Les entretiens déjà réalisés du projet de mobilisation des connaissances ont révélé certains besoins, dont celui de lutter contre la sous-représentation des communautés noires à l’université. «Il n’y a pas assez de professeures et professeurs noirs, pas plus qu’il n’y a assez d’étudiantes et étudiants noirs dans certaines disciplines clés, comme médecine ou histoire», affirme Pascale Caidor. Cette sous-représentation physique s’accompagne d’une sous-représentation symbolique, alors que les savoirs et les épistémologies noirs sont encore trop peu intégrés aux programmes de formation.  

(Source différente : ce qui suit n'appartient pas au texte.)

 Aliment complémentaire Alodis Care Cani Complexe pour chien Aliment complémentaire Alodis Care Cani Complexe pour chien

Les chercheuses notent le besoin des communautés noires de se sentir représentées dans leur université et celui que leurs contributions à la société canadienne soient visibilisées. «Ça permettrait de combattre l’ignorance et le racisme», croit Pascale Caidor. Un programme d’études noires permettrait de mieux présenter le contexte canadien et de créer un lieu de réflexion, jusqu’ici inexistant dans la francophonie.  

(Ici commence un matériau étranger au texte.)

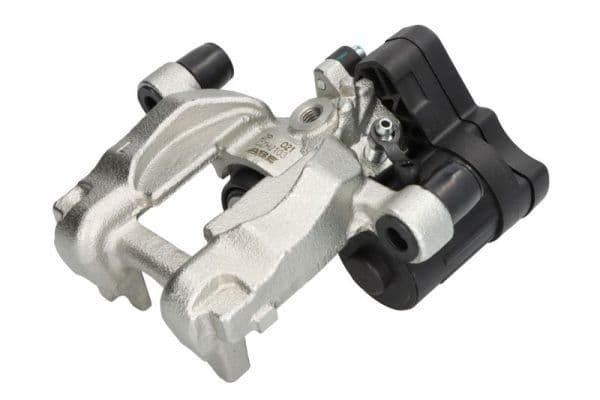 Elektrische schijfremklauw Achter Links (nieuw) past: AUDI A3, TT  VW GOLF ALLTRACK VII, GOLF VII 1.0-2.5 04.12-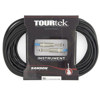 Samson TI50 50' Tourtek Instrument Cable SATI50, Samson brand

Il reste toutefois des obstacles à ces initiatives, notamment la négation de l’existence de ce type de problèmes et des réalités des communautés. La perception des études noires comme militantes ou politisées est un autre frein à la mise en place d’un programme universitaire d’études noires.  

Les savoirs et perspectives des communautés noires sont par ailleurs souvent établis en dehors de l’université. «Historiquement, il y a une méfiance et des relations tendues entre les communautés noires et les institutions. Par conséquent, beaucoup de dépositaires et gardiens du savoir se trouvent à l’extérieur de l’université», note Diahara Traoré. Un rapprochement entre les deux s’avère nécessaire.  

Le projet de mobilisation des connaissances se poursuit. Les chercheuses souhaitent déposer un rapport aux instances de l’Université de Montréal et potentiellement un plan d’action. Un colloque réunissant les chercheurs et chercheuses du domaine sera également organisé à l’automne de même qu’une école d’été ouverte aux acteurs de la société civile. «L’idée, c’est de poursuivre la conversation», conclut Pascale Caidor.